If you follow my social media, you may know that I started shooting more film over quarantine. My daughter was born less than two weeks before lockdown, so my life was already in the process of being massively transformed when suddenly the world changed too. I wanted to be intentional in capturing it and I was drawn in by the slow pace of film, by the way it forces you to embrace imperfections. Everything was suddenly moving very slowly and felt very imperfect, so it aligned with who I was in that moment.
Now that photography has returned in full force, parts of me are different. I feel more confident and easy in my work. Going to a photo shoot holds a new layer of joy and pleasure because when I am taking pictures I'm centered in myself. I feel fulfilled and creative and free. My time with my daughter is beautiful and precious, but work now feels like a different kind of gift that I give to myself and get to share with others. Like this sweet family...
I actually first photographed this crew around 3.5 years ago. It was a freezing winter day, New Years Day, to be exact. We expected this photoshoot in early July to have a whole different summery energy. And then the day came and it was windy and chilly and spitting rain off and on. And so, again, we huddled inside between pictures and embraced wild hair and warm snuggles. As I've learned, imperfect is so, so beautiful when you hold it tenderly.

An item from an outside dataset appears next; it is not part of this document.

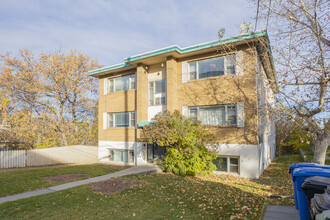 1612 23rd Ave SW in Calgary, AB - Building Photo - Primary Photo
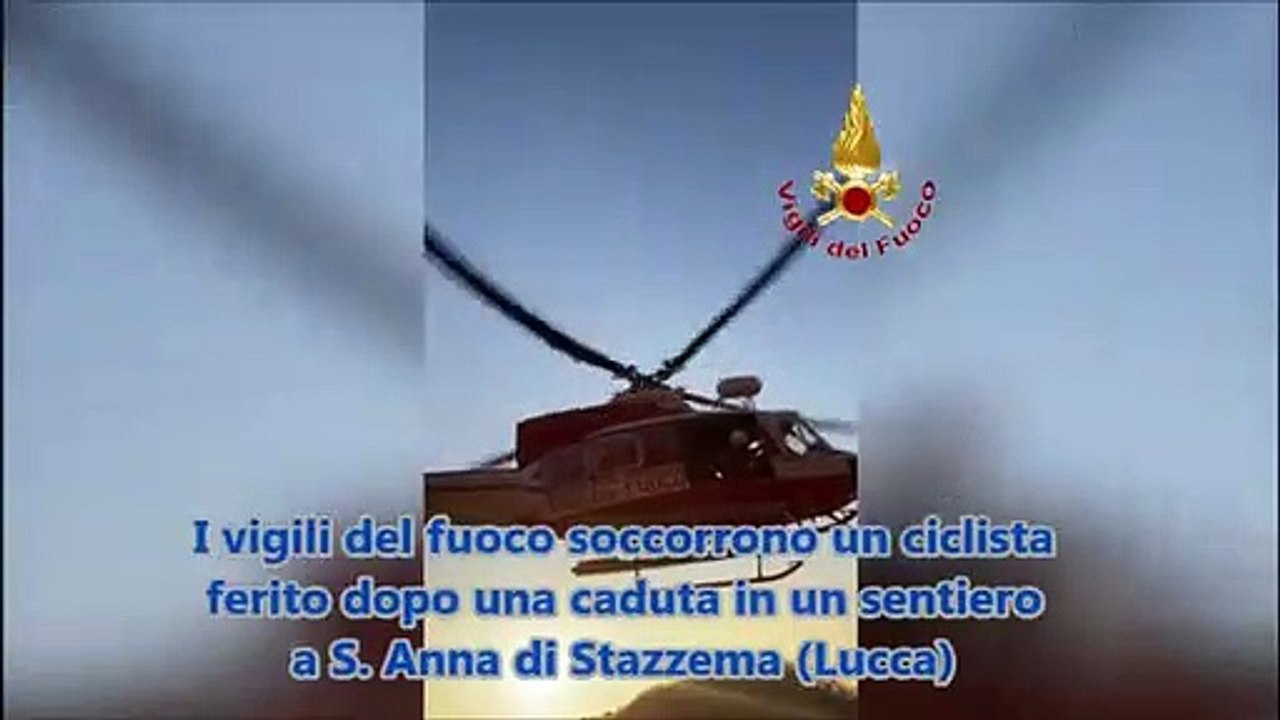 Ciclista cade su un sentiero impervio, salvato dall'elicottero dei vigili del fuoco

Just to be clear, these pictures were not shot on film. But it is the first session I delivered in my new editing style. Because I have been playing with the look of my images and bringing out more of the qualities I love in film - qualities I have found deep inside myself. And the look of my images (my editing style) has shifted to meet my heart and landed somewhere new.

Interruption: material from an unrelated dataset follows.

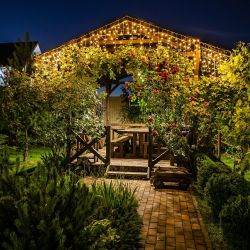 ULD-B6007-200-STK WARM WHITE IP44 Бахрома светодиодная со статическим свечением. 6м. Соединяемая. 200 светодиодов. Теплый белый свет. Провод прозрачный. ТМ Uniel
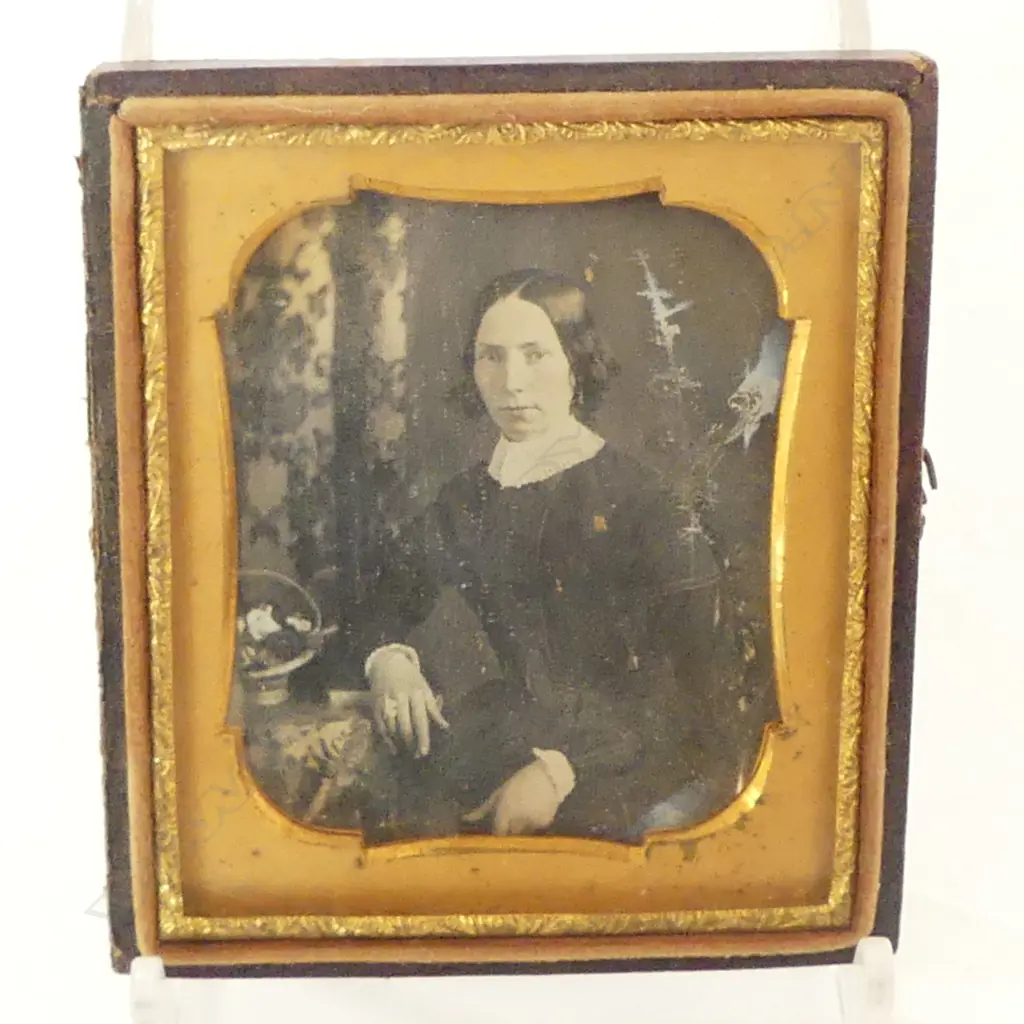 3 OLD FRAMED DAGUERREOTYPES; Frames damaged. 95x80mm Image 1++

I am still drawn to bright, vivid colors - deep blues and rich reds and vibrant greens. I still want your skin to look luminous, glowing from within by the light that is you. I still want my work to feel timeless, like a classic film stock, something your grandchildren will see as beautiful truth rather than a fad of the moment. But it's a little softer now, a little wilder, a little deeper, a little less perfect. And I love it with my whole heart.

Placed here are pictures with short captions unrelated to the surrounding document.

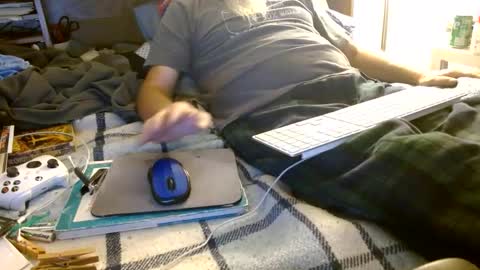 Snapshot of onemattu chatting on October 2025 05:39:01 AM Mattu online show from October 2025 05:39:01 AM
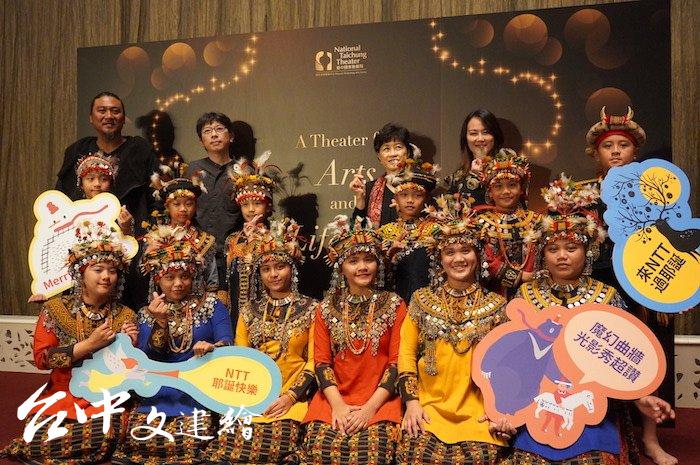 台中歌劇院找來各方翹楚,打造 2019 年聖誕節曲牆光影秀,值得一看。(攝影:謝平平)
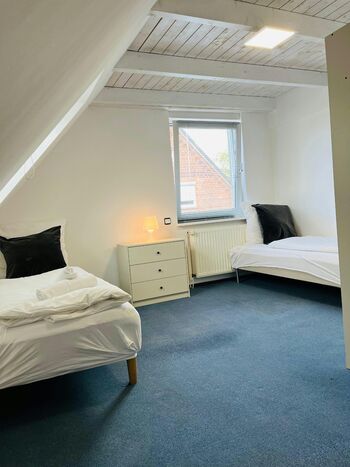 Großes Haus in Winsen – 3 separate Wohnungen für 6, 8 o 10 Picture 2 Großes Haus in Winsen – 3 separate Wohnungen für 6, 8 o 10 Picture 2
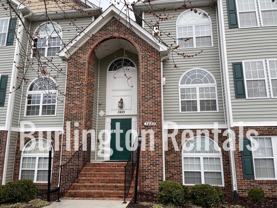 3489 Forestdale Dr Apt 2b - Photo 1 of 1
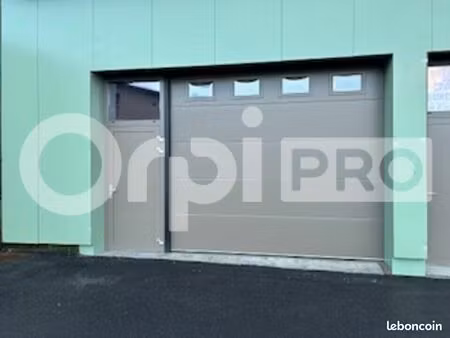 local d'activité 100 m²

You can't unstick a photographer from their editing style. You choose them for who they are, but also how their images make you feel. So a change, even one that many people may not consciously notice, feels like a big deal. I talked with my husband about my excitement and my fears around shifting something that is so much a part of who I am and the work I create. He told me "It's natural for you to change and grow as a person and as an artist. You don't need to feel bad or scared about that." (He can be pretty wise sometimes.)